Need Help with Integral : undefined function integrand

[barnator]

$\int_0^{y-x} (y-x)^3f[x] dx$

I really don't know what integration method that should be used to solve this. I would really appreciate anyone pointing me in the right direction, this problem is frustrating me! I tried integration by parts but it doesn't really get me anywhere.

 

[LCKurtz]

$\int_0^{y-x} (y-x)^3f[x] dx$

I really don't know what integration method that should be used to solve this. I would really appreciate anyone pointing me in the right direction, this problem is frustrating me! I tried integration by parts but it doesn't really get me anywhere.

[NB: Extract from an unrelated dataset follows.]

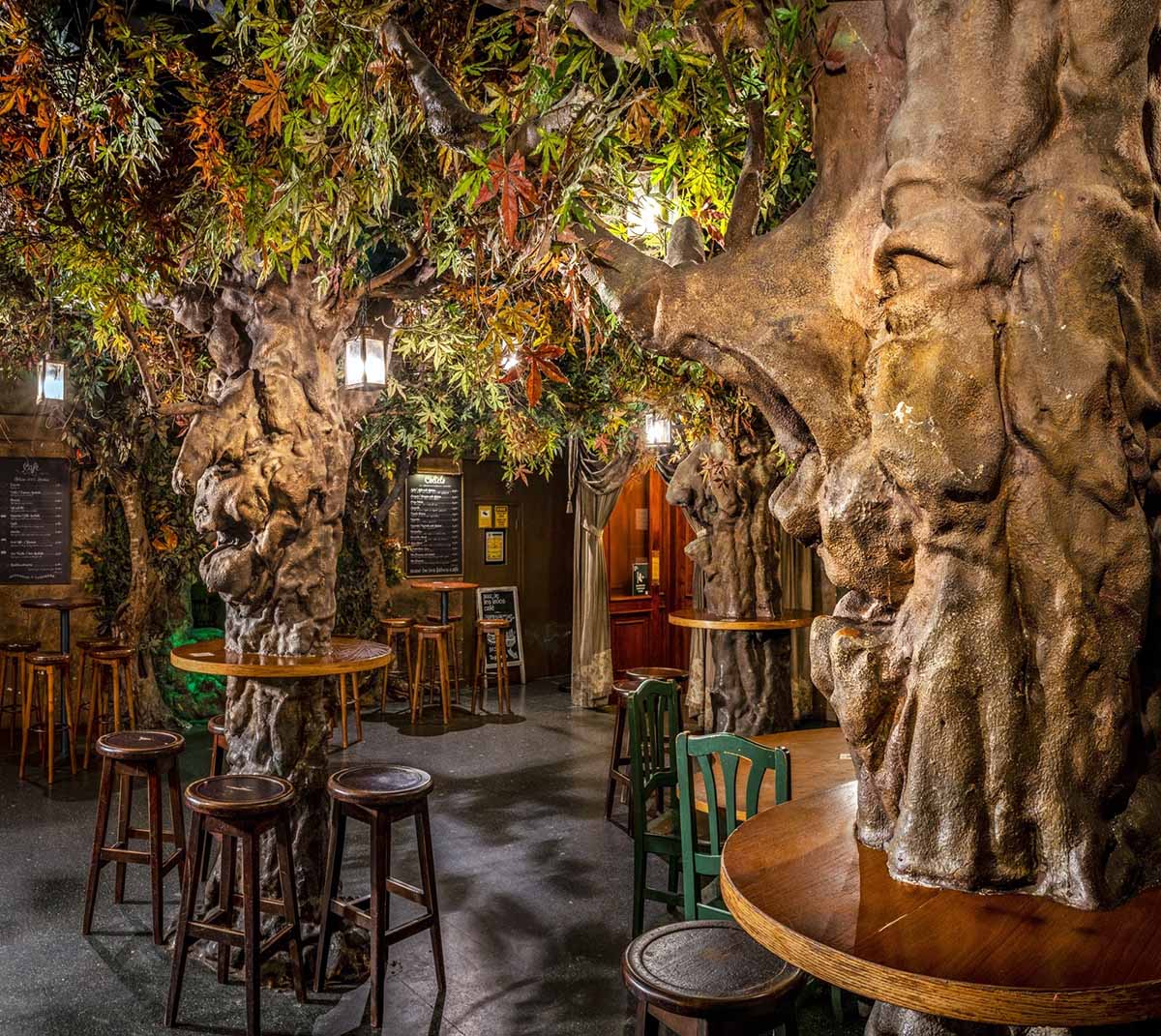 tables and bar stools around artificial indoor trees with foliage and lighting.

What does f[x] mean? No hope of working the problem without knowing.

 

[HallsofIvy]

The whole problem makes no sense. In addition to f being undefined, you should not have the "integration variable", x, in the upper limit of integration- it makes no sense to say that x varies from 0 to x- y.

 

[barnator]

OK thanks for the help. I guess the problem I have has some typos.

I have a related question though referring to the Integral theorem under http://www.atp.ruhr-uni-bochum.de/rt1/syscontrol/node145.html

I'm confused about the work at the integration by parts. It looks like he sets $u = \int_0^t f[\tau] d\tau$ and $dv = e^{-st} dt$, so that he ends up with $du = f[t]dt$. I'm not following how to go from u to du.

 

[Muphrid]

Let the antiderivative of $f$ be $F$.

By the fundamental theorem of calculus,

$$\int_0^t f(\tau) \; d\tau = F(t) - F(0)$$

Clearly, the derivative of this result is $F'(t) = f(t)$.